- Born: 1844 Orel, Russian Empire
- Died: 1918 (aged 73–74)

= Yuliana Glinka =

Russian occultist (1844–1918)

Yuliana Dmitrievna Glinka (Юлиана Дмитриевна Глинка; 1844–1918) was a Russian occultist who became associated with theosophy and claims of a Jewish conspiracy.

==Life==
Glinka was born to a prominent family in Orel, Russia. Her grandfather, Colonel Fyodor Nikolaevich Glinka was investigated as a leader of "a secret society of mystics" during Prince Alexander Nikolayevich Golitsyn's investigation of masonic lodges following the Decembrist uprising of 1825. Fyodor Tolstoy testified that although he was a mystic he was "a loyal officer of the Empire".
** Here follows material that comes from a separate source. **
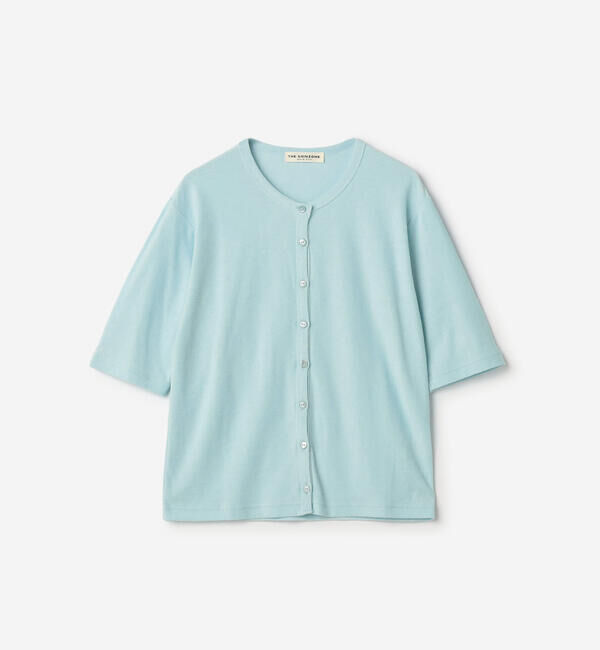  「THE SHINZONE | パイル ハーフスリーブカーディガン WOMEN」|その他|BLUE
Yuliana's father, Dmitri Feodorovich Glinka, became a general and entered the diplomatic service. As a result, she spent time in Portugal and Brazil where her father was posted. She probably became interested in spiritualism while in Brazil. She lived in Rio de Janeiro, and at Petropolis, in the Serra dos Órgãos, home of Emperor Dom Pedro II of Brazil. With her father and sisters she traveled with Dom Pedro to Minas Gerais, visiting Ouro Preto and Diamantina, both very old cities with mystical associations.
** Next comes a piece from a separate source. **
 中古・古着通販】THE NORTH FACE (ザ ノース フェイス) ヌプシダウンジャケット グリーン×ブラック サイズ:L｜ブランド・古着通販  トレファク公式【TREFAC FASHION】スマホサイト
In Brazil, Yuliana became acquainted with Candomblé, a Brazilian version of Caribbean Santería. She also read about the Fox sisters and their encounters with "the Spirit World" in New York, in the United States.
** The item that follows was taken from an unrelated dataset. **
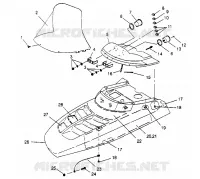 HOOD ASSEMBLY  500 EFI 0952774, EFI SKS 0952574,   EFI SKS PT 0952974, AND (4929052905A014)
Family connections got Yuliana a position as maid of honour to Tsaritsa Maria Alexandrovna. Yuliana spent little time at Tsarskoe Selo, home of the Romanovs. She spent most of her time in Paris where she became involved with the theosophists and other occultists. Through her uncle, General Pyotr Vasilyevich Orzhevsky (ru), she became involved with Pyotr Rachkovsky of the Okhrana, the Imperial Russian secret service.